Oh that silly Rommy - there must have been something yummy in that bag!
I hope the vet visit is easy and cheap!! Keep us appraised!


----------



## Lynn (Jan 2, 2007)

Hope it turns out to not be serious...must have been something good in the bag.


----------



## Renee (Mar 27, 2008)

Uggh....What they don't try to eat! Hopefully everything turns out ok for you.
Miley likes to eat those soft foam ear plugs. Luckily they come right out the other end, and we find them when we scoop poop. But what in the heck possesses them to eat that stuff?!? We are very careful about keeping those out of her reach now.


----------



## Kathy (Nov 9, 2006)

Pat,
I was hoping as I read your post and then scrolled down to the bottom to read the other's there would be a another post from you saying "ALL IS GOOD". 

Good thoughts sent your way, keep us posted!


----------



## Scooter's Family (May 23, 2008)

Hope he's ok! Don't you wonder what possesses them to eat the stuff they do??? Of course, they eat poo so I don't think they're too concerned!


----------



## Leeann (Feb 28, 2007)

These little ones keep us on our toes, sending good vibes for Rommy.


----------



## Laurief (Nov 7, 2006)

Pat, 
Any word on Rommy?


----------



## Lina (Apr 26, 2007)

Pat, I hope Rommy is okay!


----------



## micki2much (Feb 8, 2007)

Scooter's Family said:


> Hope he's ok! Don't you wonder what possesses them to eat the stuff they do??? Of course, they eat poo so I don't think they're too concerned!

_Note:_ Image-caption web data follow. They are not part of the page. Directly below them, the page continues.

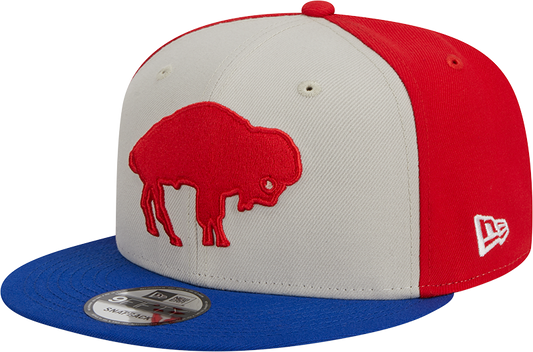 Buffalo Bills New Era 2023 Sideline Historic 9FIFTY Snapback Hat - Cream/Royal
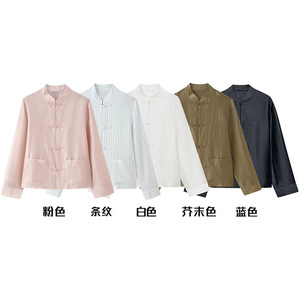 <span class=keywords><strong>Camicia</strong></span> Estiva Casual Elegante Antirughe da <span class=keywords><strong>Donna</strong></span> in Raso con Fiocco e Bottoni - Product Image 2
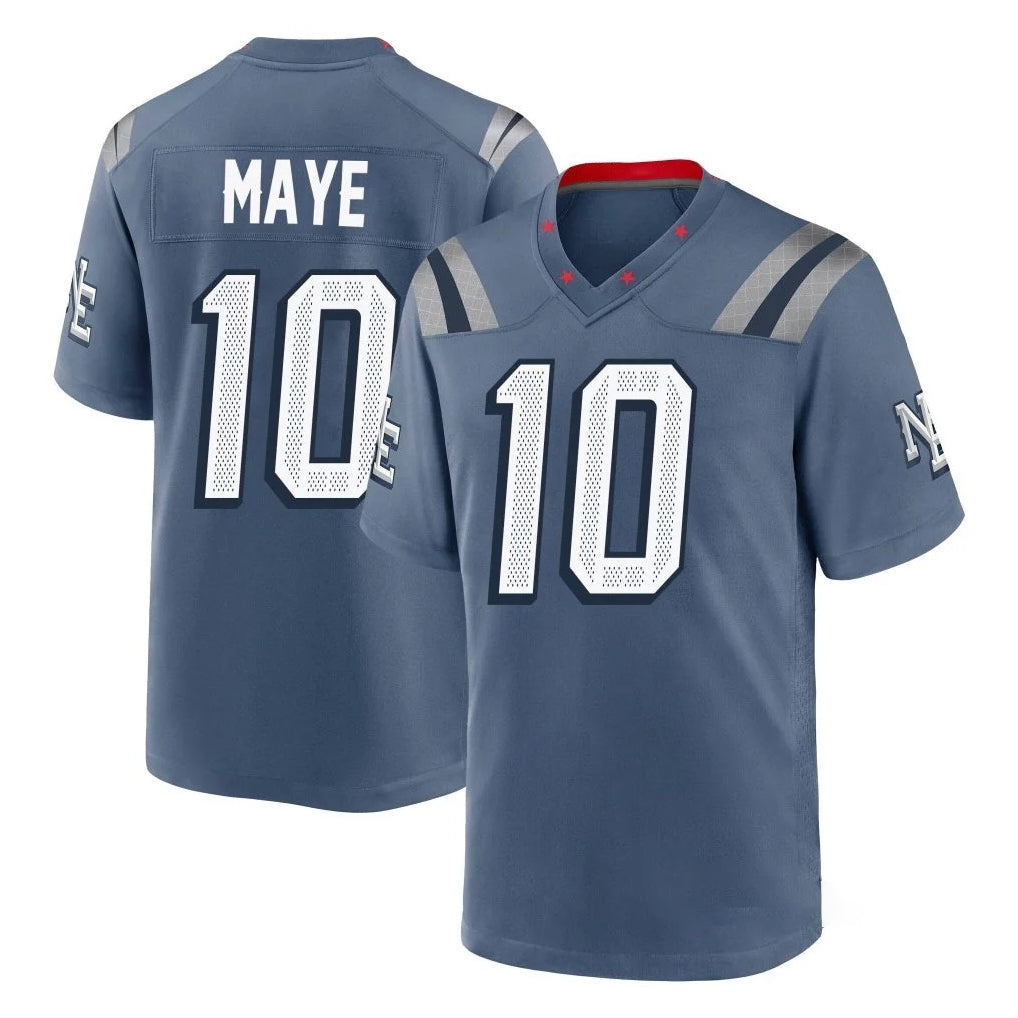 Johmsee NE.Patriots #10 Drake Maye Player Blue Rivalries Collection Home Game Stitched Jerseys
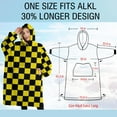 thumbnail image 4 of Oversized Wearable Blanket Hoodie,Yellow and Black Checkered Pattern Sherpa Blanket Hoodie with Super Pockets,Super Warm Fuzzy Pullover for Women & Men, 4 of 6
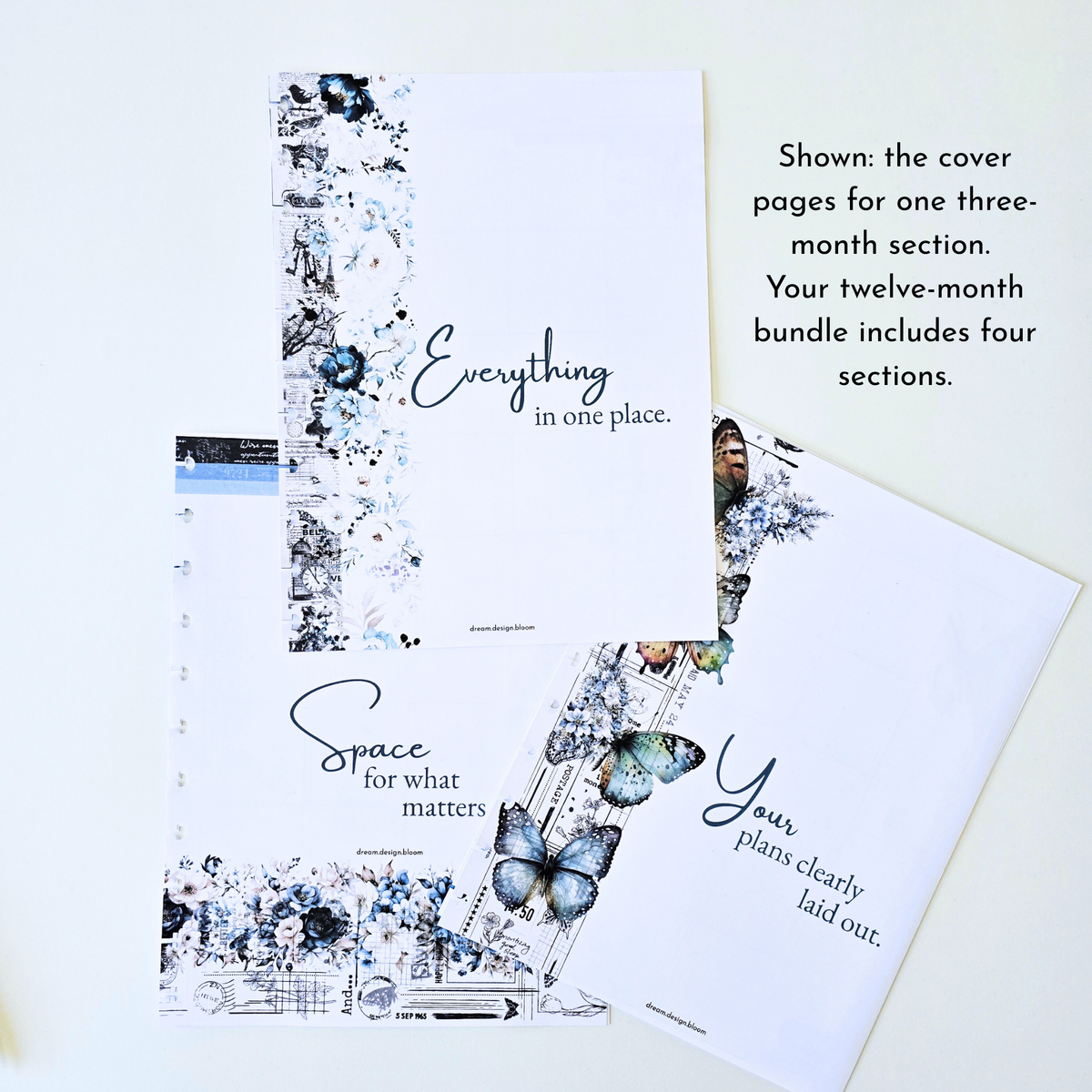 12-Month Undated Boutique Leather Planner Bundle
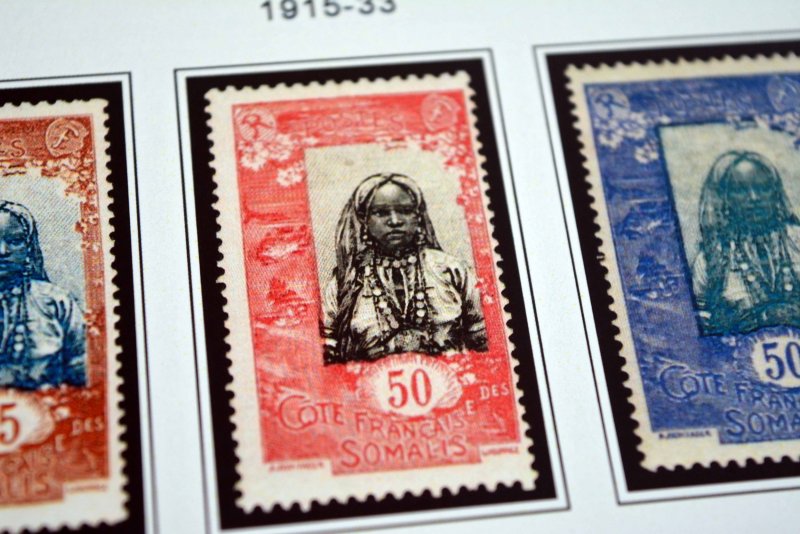 COLOR PRINTED SOMALI COAST 1894-1966 STAMP ALBUM PAGES (40 illustrated pages)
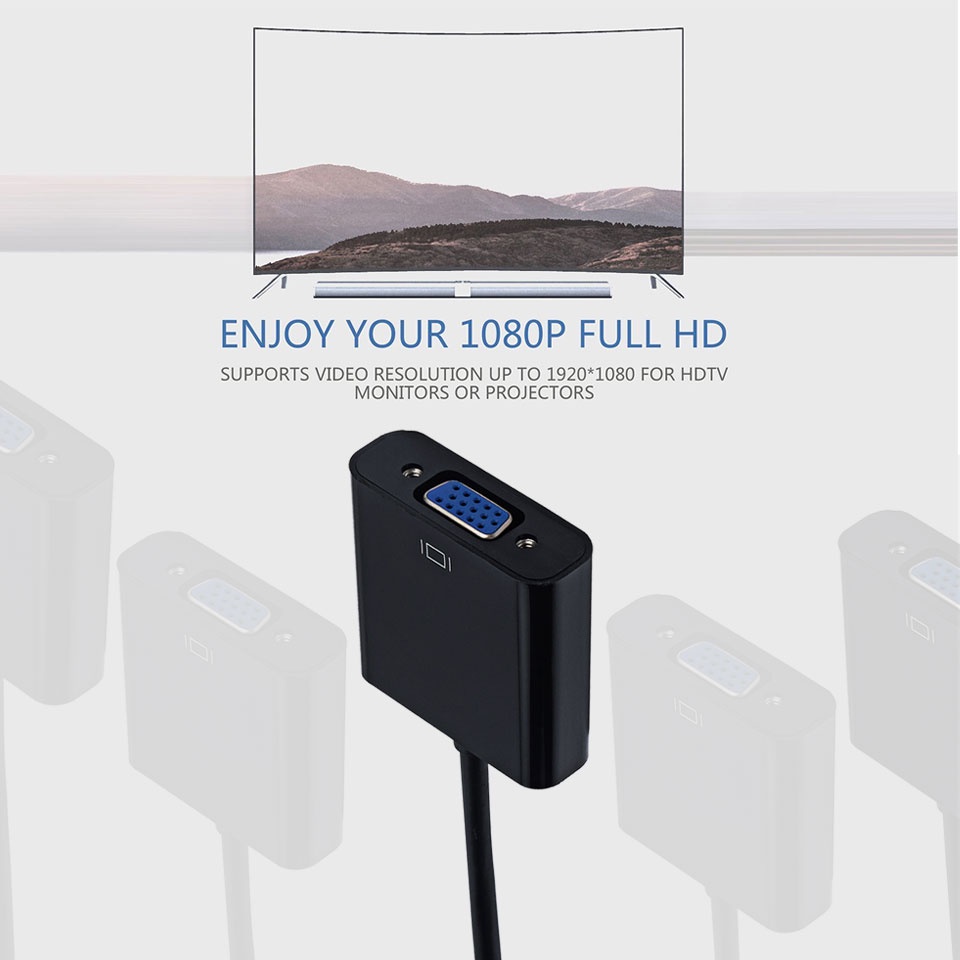 Bộ ChuyểN ĐổI HD 1080P HDMI-compatible Sang VGA Cho MáY TíNh BảNg / laptop / PC TV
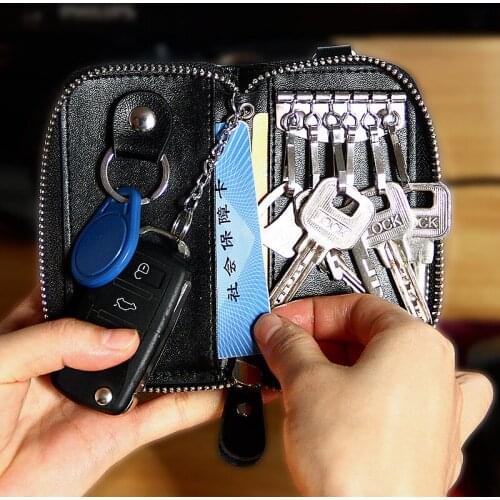 051018 new hot Mens leather key bag unisex women zipper multi-function car keys bag
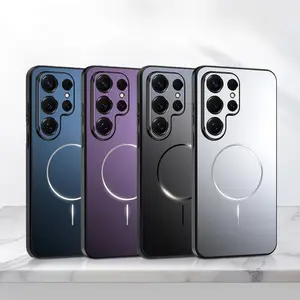 For S25 Ultra / S24 Plus / S23, Magnetic Soft Edge Phone Case, Slim Shock Protection Cover mysw09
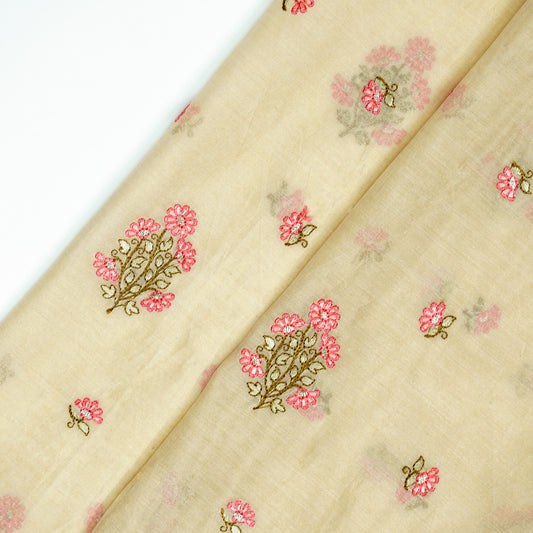 Safiya Beige Chanderi Embroidered Fabric in Buta Buti Mixture Pattern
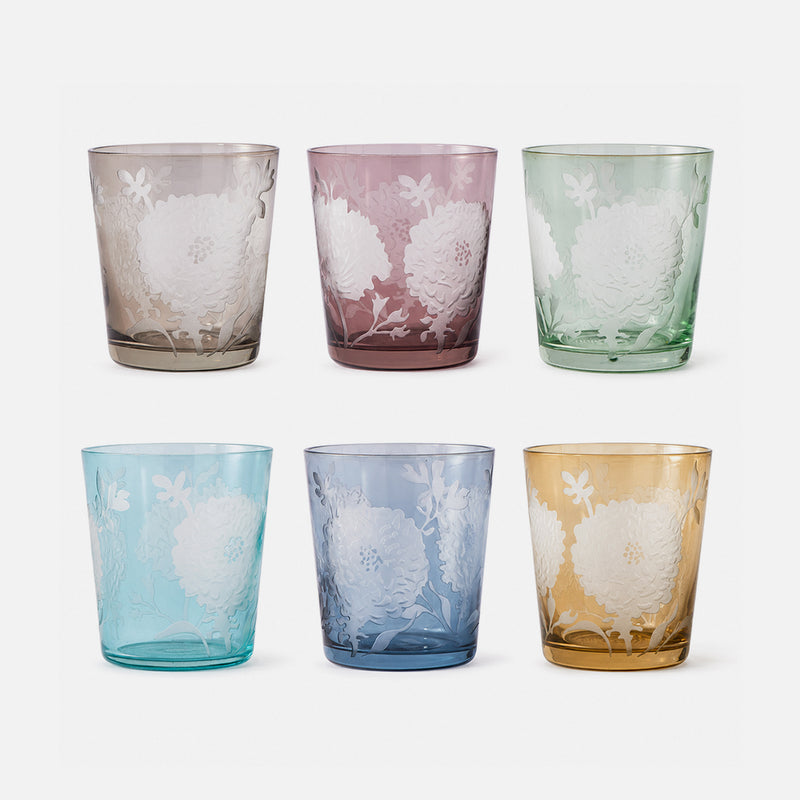 Peony Tumblers Multi Colour, Set of 6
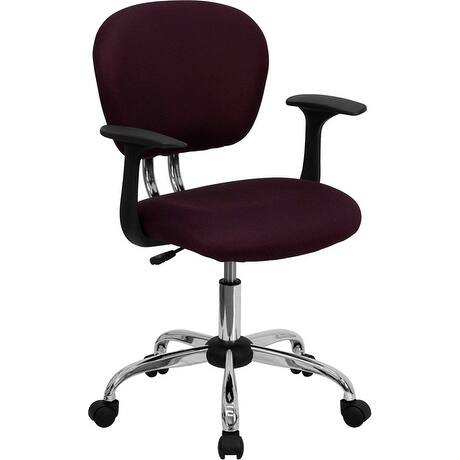 Offex Mid-Back Burgundy Mesh Task Chair with Arms and Chrome Base [OF-H-2376-F-BY-ARMS-GG]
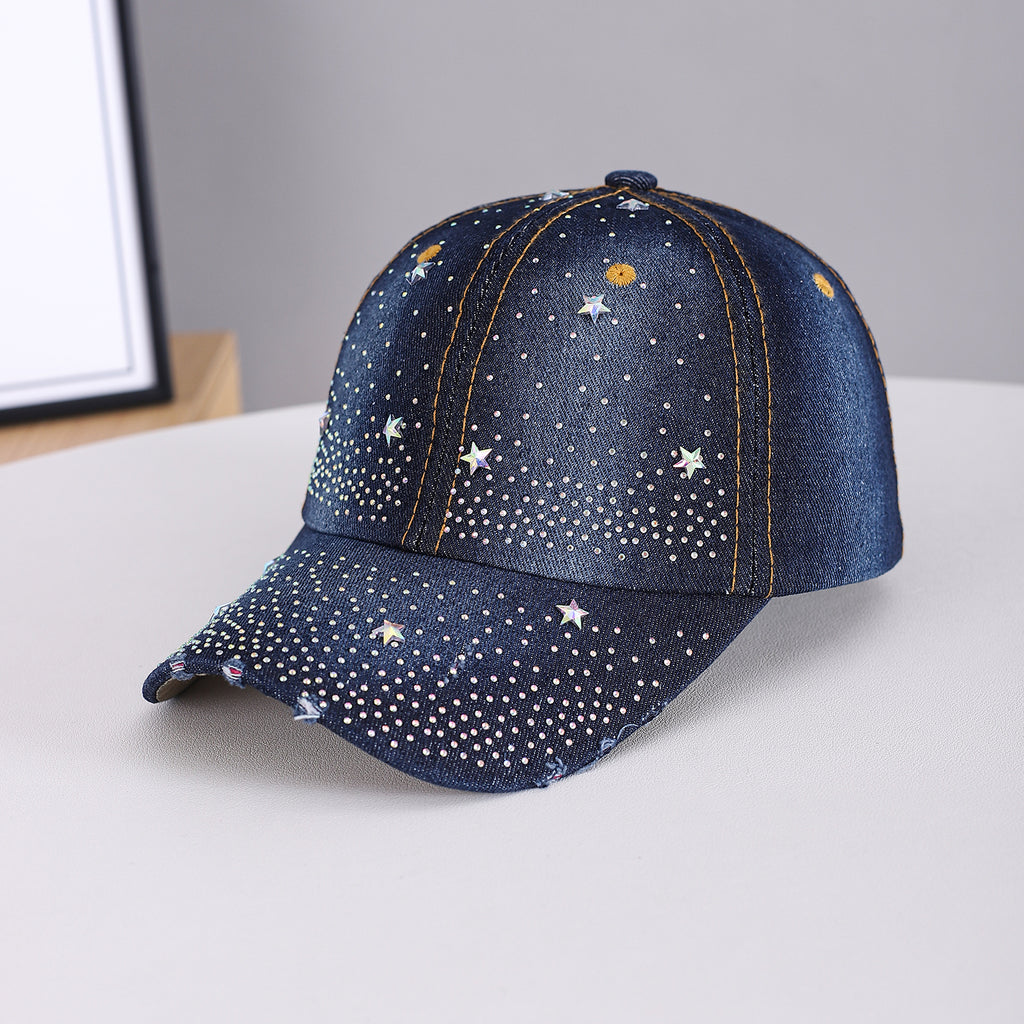 Men's And Women's Three-dimensional Glittering Diamond Mini Stars Distressed Craft Style Retro Streetwear Baseball Cap Suitable For Dates, School Outings – Premium 4 | RICALOUX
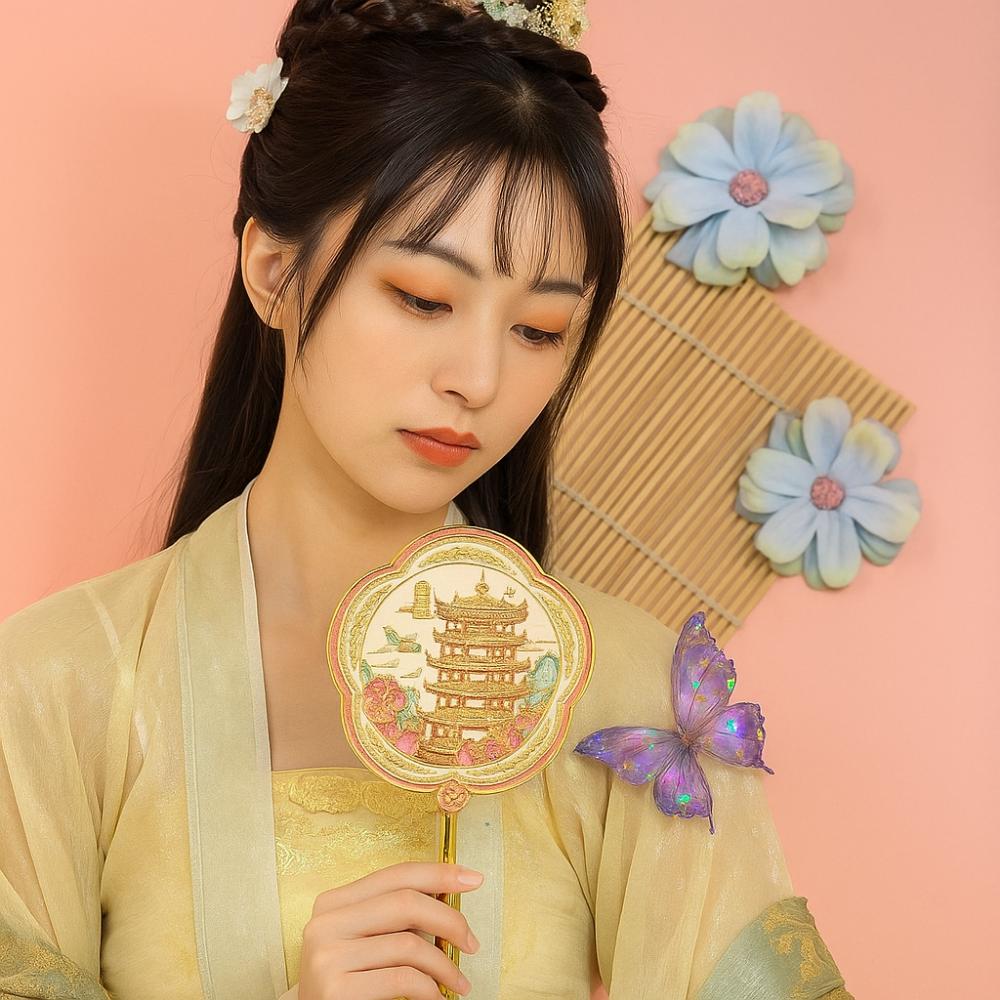 Portable Handheld Makeup Mirror Round Travel Makeup Mirror Exquisite Ancient Style Mirror Travel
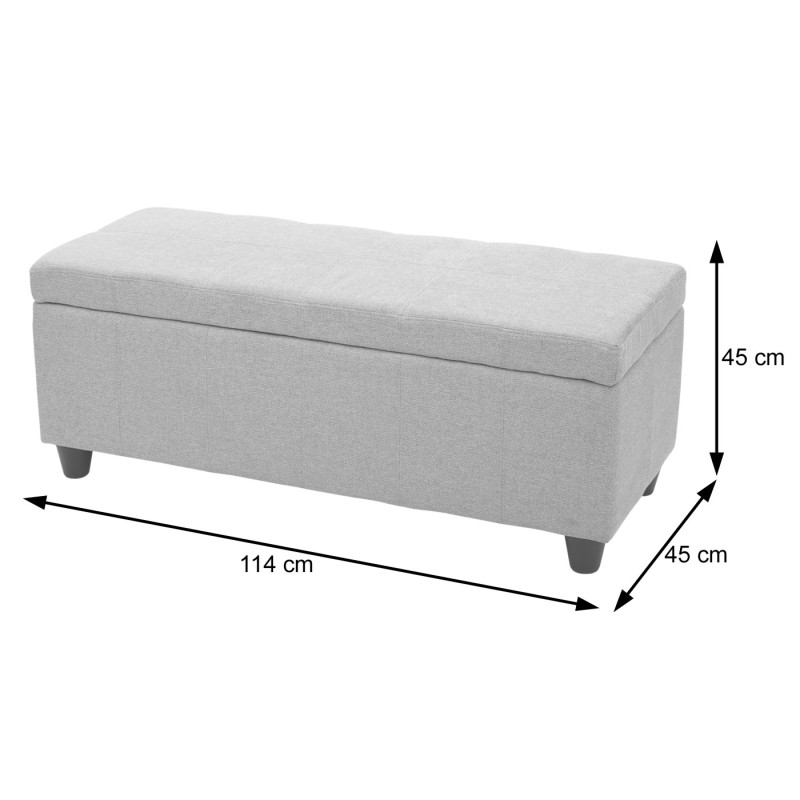 Banc/banquette/coffre de rangement Kriens, 114x45x45cm, similicuir - gris mat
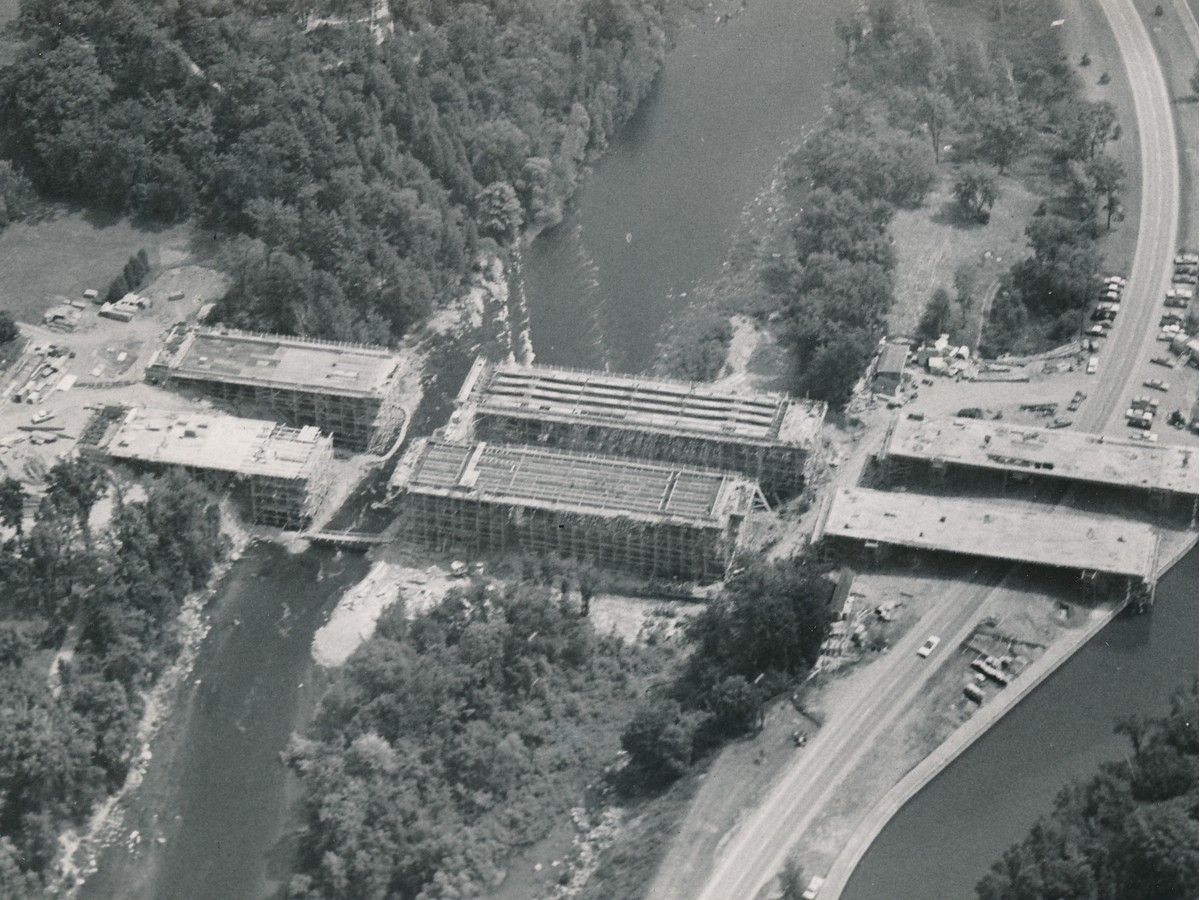 Aerial photo before the collapse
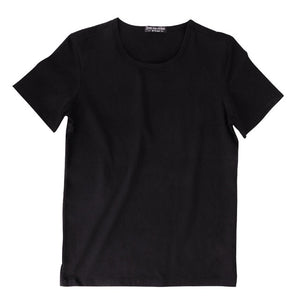 bosongLycra  Solid color T Shirt Short sleeve Mens Black White 100% cotton T-shirts Summer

Oh Ann, soooo funny AND soooo true ound:


----------



## Scooter's Family (May 23, 2008)

Pat-Where do you live? I was at the vet picking up Scooter, he was groomed, and the tech was on the phone with someone whose dog ate plastic. They were trying to decide whether to come on in or wait until morning to see how the dog was. Was it you???


----------



## Amy R. (Jul 1, 2007)

Oh gosh, I hope Rommy is okay. Those naughty puppies will eat anything ! I've had several bad scares with Biscuit, like the time he ingested an entire 6 inch plastic syringe. He did pass one inch very sharp segments with no apparent problem! Gads !!

I was picking up bits of glass out of Heath's mouth at Tahoe because apparently one of my kids broke a wine glass up there. . . I don't understand why they will eat such bad things. Biscuit ate rocks , mortar, and I see Heath trying to eat pebbles. . . no sense of self preservation.

Please check in with us and I'm hoping he will pass it.  Kimberly, that is a good warning re pee pads, cause Heath loves to shred them. I will be more careful !


----------



## Miss Paige (Apr 4, 2008)

He is on a pill that I have to dilute in water then inject into his mouth-there was no blockage in the intestines but his tummy was full-not sure of what-the Vet did not think the bag would stay in the stomach so she feels he passed it-he has to take these pills every eight hours till gone-then in the morning he can have a tablespoon of food-if he keeps that down then two hrs later he can have another tablespoon-then if he keeps that down he can have a 1/4 can-they gave me I/D which I am sure he is going to hate. If he is better by Sunday then he can go back on his food. 

Hubby took him to the vet for me-and did not even complain when he got the bill-but then he was not paying for it. Told him to use the "kids" charge card and I would just pay the darn bill when it came.

Thanks everyone for sending good thoughts to my boy. Still looking for that bottle of wine for me-LOL Guess I will just have to wait till Aug and get it at Nationals.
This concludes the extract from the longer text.